OGDEN (AP) — A Utah death-row inmate is heading back to court to determine if he had ineffective legal counsel and if The Church of Jesus Christ of Latter-day Saints meddled in his 2015 trial.
Douglas Lovell, 61, will be back in an Ogden courtroom starting Monday over questions about the trial that resulted in his second death sentence, the Standard-Examiner reported .
Lovell killed Joyce Yost in 1985 to prevent her from testifying after he had been charged with raping her, according to court documents. Authorities said he tried to hire two other people to kill Yost before deciding to carry out the murder himself.
He pleaded guilty in 1993, agreeing to show authorities the location of Yost’s body. The body was never found, leading to Lovell being sentenced to death.
Lovell then sought to withdraw his guilty plea, and the Utah Supreme Court ruled in 2011 that he could do so.

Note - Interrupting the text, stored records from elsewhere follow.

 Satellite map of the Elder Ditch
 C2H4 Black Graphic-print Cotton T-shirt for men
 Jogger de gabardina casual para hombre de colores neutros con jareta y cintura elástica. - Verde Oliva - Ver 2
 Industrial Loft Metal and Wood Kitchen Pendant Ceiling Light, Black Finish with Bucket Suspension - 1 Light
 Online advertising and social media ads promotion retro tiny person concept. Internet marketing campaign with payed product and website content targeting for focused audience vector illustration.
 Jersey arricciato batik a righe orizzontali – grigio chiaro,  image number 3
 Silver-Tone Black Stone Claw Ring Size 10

The case went to trial, and a jury convicted Lovell. He was sentenced to death again.
The Utah Supreme Court in 2017 heard the case again and sent it back to a district court to address if Lovell’s attorneys did their jobs properly and if the church asked ecclesiastical leaders to not testify.
Lovell says one of his former attorneys failed to properly prepare witnesses for trial. The attorney was assigned to contact 18 witnesses to testify, but a complaint claims he only contacted two.
A former prison bishop, John “Jack” Newton, said during a hearing earlier this month that church leadership suggested it would be preferable if he did not testify on behalf of Lovell at the 2015 trial. Newton worked with Lovell at the Utah State Prison.